Records from a data source
-*-*-

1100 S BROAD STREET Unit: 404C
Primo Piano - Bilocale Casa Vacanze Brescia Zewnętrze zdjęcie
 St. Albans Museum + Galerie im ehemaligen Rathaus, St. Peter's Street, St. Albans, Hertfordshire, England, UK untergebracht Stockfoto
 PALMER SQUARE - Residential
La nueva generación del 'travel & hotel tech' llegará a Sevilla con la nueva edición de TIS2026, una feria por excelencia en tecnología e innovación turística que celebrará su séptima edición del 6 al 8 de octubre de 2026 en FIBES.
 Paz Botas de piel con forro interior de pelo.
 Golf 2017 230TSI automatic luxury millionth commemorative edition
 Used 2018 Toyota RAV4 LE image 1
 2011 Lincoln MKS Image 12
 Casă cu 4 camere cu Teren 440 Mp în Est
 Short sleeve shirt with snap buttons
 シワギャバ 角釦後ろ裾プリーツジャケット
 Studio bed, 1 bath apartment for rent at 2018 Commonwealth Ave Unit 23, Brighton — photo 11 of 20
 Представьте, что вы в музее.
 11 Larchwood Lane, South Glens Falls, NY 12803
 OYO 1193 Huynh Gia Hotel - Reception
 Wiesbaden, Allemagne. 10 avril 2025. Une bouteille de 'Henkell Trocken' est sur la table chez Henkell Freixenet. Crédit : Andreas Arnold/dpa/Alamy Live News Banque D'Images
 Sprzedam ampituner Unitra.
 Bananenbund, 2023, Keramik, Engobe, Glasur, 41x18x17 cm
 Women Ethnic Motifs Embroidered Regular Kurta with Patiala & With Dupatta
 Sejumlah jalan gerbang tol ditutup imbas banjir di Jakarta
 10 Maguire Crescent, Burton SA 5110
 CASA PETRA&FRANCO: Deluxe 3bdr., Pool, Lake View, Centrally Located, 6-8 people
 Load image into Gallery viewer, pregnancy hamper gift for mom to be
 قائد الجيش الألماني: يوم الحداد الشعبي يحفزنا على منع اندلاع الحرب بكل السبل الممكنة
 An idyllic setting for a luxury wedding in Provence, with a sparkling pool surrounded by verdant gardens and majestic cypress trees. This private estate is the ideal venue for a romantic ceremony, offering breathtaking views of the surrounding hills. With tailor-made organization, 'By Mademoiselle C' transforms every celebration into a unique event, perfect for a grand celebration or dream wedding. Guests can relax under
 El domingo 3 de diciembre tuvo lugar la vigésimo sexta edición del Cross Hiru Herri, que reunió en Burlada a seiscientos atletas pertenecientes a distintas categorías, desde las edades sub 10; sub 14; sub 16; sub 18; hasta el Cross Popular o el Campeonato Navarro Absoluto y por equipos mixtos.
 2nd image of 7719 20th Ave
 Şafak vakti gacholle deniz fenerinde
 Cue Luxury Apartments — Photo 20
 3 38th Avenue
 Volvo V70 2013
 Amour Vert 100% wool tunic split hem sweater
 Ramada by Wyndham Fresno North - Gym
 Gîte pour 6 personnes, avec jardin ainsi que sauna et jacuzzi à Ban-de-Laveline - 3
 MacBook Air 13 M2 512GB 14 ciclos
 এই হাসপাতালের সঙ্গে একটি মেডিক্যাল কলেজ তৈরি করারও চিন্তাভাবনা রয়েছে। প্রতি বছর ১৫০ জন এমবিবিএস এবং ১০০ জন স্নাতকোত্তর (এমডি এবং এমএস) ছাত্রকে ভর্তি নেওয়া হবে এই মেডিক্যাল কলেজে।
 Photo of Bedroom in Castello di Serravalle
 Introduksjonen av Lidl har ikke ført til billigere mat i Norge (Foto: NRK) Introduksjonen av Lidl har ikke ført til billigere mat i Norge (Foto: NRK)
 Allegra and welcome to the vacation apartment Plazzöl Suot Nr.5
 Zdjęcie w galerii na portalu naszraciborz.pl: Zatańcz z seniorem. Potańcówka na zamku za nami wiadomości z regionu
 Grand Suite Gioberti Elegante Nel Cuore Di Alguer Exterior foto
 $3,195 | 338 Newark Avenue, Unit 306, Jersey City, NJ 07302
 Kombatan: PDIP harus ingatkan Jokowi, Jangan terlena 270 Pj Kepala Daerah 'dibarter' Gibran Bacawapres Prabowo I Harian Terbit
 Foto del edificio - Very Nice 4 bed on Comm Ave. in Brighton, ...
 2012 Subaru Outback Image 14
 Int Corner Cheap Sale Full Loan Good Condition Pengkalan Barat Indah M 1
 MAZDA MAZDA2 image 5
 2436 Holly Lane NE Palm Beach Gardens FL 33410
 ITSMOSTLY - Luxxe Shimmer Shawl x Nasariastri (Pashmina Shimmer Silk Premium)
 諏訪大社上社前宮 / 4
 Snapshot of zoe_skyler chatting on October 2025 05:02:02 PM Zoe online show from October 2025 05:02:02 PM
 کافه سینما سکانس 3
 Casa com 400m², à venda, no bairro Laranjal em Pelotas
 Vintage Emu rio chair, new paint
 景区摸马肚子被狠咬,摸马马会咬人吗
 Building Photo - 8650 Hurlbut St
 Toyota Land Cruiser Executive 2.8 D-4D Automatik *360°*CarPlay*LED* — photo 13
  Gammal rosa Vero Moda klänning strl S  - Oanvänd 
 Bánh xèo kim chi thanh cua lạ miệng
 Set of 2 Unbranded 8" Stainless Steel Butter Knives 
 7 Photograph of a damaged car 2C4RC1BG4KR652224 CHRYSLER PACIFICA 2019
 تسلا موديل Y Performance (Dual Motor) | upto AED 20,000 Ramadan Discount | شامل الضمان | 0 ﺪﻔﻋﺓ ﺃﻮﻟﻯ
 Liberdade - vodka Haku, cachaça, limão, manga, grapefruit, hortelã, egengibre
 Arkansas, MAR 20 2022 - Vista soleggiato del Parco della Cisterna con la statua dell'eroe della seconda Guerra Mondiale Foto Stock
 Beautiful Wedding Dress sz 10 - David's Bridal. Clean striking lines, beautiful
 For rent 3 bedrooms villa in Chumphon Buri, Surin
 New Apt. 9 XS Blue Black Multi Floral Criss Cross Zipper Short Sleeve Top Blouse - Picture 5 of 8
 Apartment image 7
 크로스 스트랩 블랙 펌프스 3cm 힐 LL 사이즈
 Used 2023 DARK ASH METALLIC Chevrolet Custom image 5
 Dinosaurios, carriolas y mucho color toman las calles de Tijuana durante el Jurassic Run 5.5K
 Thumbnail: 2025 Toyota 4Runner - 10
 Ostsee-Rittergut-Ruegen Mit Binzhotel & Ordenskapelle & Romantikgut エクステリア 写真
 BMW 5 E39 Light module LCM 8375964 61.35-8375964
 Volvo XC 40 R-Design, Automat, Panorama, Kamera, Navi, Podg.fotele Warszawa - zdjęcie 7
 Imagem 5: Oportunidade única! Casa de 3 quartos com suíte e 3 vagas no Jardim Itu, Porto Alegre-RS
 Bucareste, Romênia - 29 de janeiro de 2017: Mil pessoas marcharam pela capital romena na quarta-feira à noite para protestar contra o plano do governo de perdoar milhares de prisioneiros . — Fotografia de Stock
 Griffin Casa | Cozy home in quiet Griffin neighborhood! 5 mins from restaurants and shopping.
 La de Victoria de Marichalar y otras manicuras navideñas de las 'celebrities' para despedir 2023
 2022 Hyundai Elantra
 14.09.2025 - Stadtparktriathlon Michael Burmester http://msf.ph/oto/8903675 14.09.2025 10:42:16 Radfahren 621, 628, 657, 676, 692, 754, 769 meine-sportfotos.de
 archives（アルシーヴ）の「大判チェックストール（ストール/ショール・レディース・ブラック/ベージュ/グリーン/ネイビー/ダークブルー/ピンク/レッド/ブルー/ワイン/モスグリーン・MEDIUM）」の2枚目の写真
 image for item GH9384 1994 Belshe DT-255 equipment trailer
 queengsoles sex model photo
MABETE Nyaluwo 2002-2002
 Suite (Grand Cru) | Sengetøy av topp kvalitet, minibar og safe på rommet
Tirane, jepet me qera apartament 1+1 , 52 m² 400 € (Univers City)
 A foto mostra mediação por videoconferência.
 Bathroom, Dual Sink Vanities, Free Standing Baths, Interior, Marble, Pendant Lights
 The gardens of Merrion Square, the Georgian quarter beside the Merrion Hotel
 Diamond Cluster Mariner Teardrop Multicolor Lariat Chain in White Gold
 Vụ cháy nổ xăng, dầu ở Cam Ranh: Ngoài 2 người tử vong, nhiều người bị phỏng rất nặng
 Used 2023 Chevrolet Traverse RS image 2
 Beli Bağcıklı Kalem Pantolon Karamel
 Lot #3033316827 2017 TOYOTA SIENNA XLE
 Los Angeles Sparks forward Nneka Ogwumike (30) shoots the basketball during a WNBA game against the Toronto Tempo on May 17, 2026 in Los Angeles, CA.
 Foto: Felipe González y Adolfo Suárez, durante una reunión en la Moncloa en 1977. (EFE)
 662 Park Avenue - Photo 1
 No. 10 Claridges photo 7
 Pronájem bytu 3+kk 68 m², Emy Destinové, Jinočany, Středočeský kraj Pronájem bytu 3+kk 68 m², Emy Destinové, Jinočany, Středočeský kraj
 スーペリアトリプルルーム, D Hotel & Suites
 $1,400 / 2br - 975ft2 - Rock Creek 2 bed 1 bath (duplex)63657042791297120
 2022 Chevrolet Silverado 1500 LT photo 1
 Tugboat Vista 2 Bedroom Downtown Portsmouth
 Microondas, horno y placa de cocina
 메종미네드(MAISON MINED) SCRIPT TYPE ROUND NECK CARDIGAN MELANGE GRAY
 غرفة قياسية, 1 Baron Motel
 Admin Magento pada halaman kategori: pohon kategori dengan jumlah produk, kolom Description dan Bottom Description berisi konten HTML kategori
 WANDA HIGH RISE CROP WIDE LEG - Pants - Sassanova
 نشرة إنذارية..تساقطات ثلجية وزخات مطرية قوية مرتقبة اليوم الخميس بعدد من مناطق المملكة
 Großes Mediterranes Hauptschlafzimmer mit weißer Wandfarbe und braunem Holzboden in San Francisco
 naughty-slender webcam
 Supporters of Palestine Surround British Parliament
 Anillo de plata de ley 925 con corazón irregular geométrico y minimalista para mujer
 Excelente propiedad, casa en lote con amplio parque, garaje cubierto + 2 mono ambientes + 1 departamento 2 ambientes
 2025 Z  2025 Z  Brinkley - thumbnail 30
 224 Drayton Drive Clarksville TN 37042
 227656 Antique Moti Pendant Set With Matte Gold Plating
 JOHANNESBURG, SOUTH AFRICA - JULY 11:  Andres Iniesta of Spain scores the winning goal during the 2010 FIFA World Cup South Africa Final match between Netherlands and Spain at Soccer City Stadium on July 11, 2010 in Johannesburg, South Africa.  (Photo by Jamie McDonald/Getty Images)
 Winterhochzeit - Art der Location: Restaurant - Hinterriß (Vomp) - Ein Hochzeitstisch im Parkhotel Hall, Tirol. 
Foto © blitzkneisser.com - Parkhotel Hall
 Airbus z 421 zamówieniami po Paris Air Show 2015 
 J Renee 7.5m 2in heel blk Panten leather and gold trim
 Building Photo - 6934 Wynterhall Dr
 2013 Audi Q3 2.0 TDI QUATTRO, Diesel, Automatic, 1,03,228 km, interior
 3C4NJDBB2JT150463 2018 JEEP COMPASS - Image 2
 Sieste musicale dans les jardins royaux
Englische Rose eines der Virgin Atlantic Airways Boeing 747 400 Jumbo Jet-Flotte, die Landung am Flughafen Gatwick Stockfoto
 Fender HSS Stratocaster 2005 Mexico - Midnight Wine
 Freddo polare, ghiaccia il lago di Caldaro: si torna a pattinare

-*-*-

[Action item] Reproduce exactly the section above that begins at the line containing "2012 Subaru Outback Image 14" and ends at the line containing "Toyota Land Cruiser", leaving out all other lines.

[Worked solution]
 2012 Subaru Outback Image 14
 Int Corner Cheap Sale Full Loan Good Condition Pengkalan Barat Indah M 1
 MAZDA MAZDA2 image 5
 2436 Holly Lane NE Palm Beach Gardens FL 33410
 ITSMOSTLY - Luxxe Shimmer Shawl x Nasariastri (Pashmina Shimmer Silk Premium)
 諏訪大社上社前宮 / 4
 Snapshot of zoe_skyler chatting on October 2025 05:02:02 PM Zoe online show from October 2025 05:02:02 PM
 کافه سینما سکانس 3
 Casa com 400m², à venda, no bairro Laranjal em Pelotas
 Vintage Emu rio chair, new paint
 景区摸马肚子被狠咬,摸马马会咬人吗
 Building Photo - 8650 Hurlbut St
 Toyota Land Cruiser Executive 2.8 D-4D Automatik *360°*CarPlay*LED* — photo 13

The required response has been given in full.